»»

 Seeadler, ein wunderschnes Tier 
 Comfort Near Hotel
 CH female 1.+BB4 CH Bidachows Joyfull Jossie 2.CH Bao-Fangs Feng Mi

««
»»

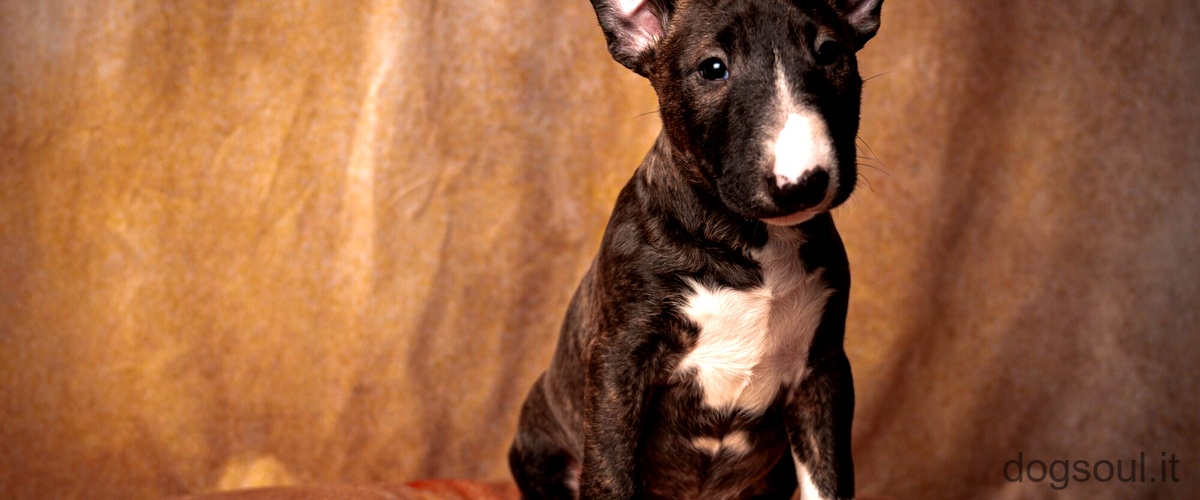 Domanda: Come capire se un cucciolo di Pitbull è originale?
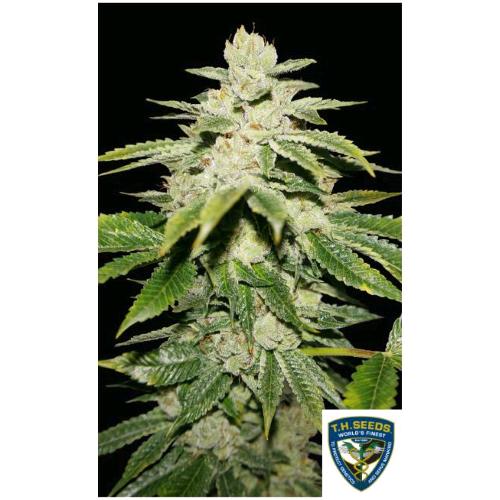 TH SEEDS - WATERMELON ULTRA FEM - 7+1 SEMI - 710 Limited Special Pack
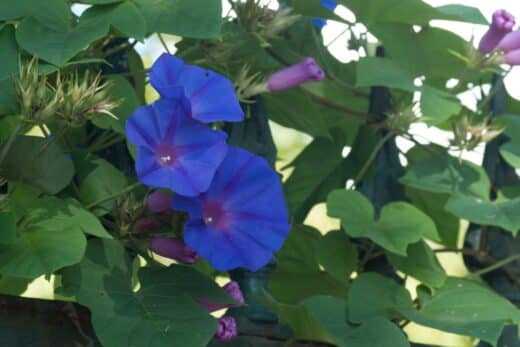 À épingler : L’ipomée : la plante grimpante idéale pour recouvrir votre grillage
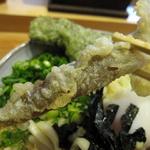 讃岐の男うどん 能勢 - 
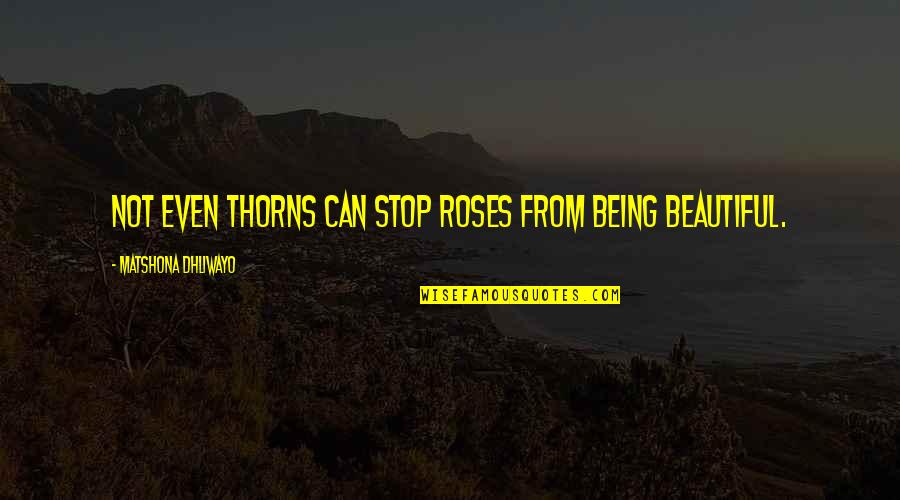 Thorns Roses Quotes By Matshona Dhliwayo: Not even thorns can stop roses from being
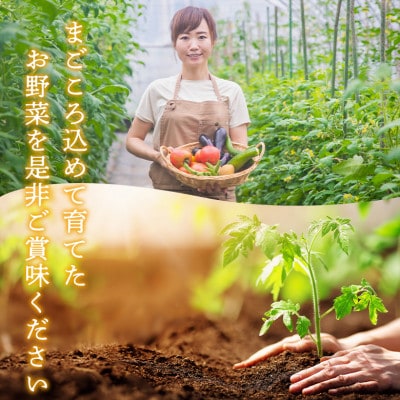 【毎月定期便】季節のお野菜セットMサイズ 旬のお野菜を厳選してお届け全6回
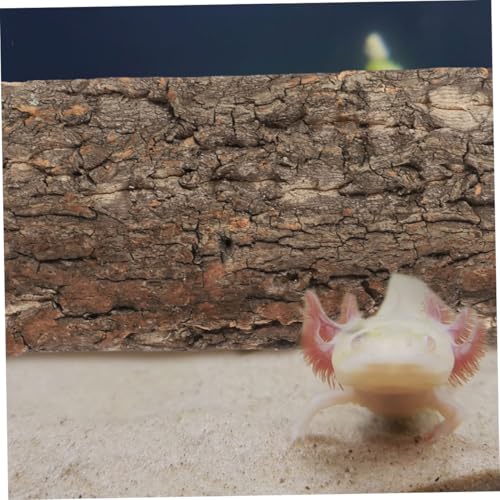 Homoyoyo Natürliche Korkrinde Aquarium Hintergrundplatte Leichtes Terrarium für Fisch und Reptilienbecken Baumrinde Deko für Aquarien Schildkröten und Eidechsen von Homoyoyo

««

*BRIEF:*
In the entries above, find the line with "Thorns Roses Quotes" and the line with "Homoyoyo Natürliche Korkrinde". Write out exactly those two lines and every line between them, pictures excluded.

*ANSWER BELOW:*
 Thorns Roses Quotes By Matshona Dhliwayo: Not even thorns can stop roses from being
 【毎月定期便】季節のお野菜セットMサイズ 旬のお野菜を厳選してお届け全6回
 Homoyoyo Natürliche Korkrinde Aquarium Hintergrundplatte Leichtes Terrarium für Fisch und Reptilienbecken Baumrinde Deko für Aquarien Schildkröten und Eidechsen von Homoyoyo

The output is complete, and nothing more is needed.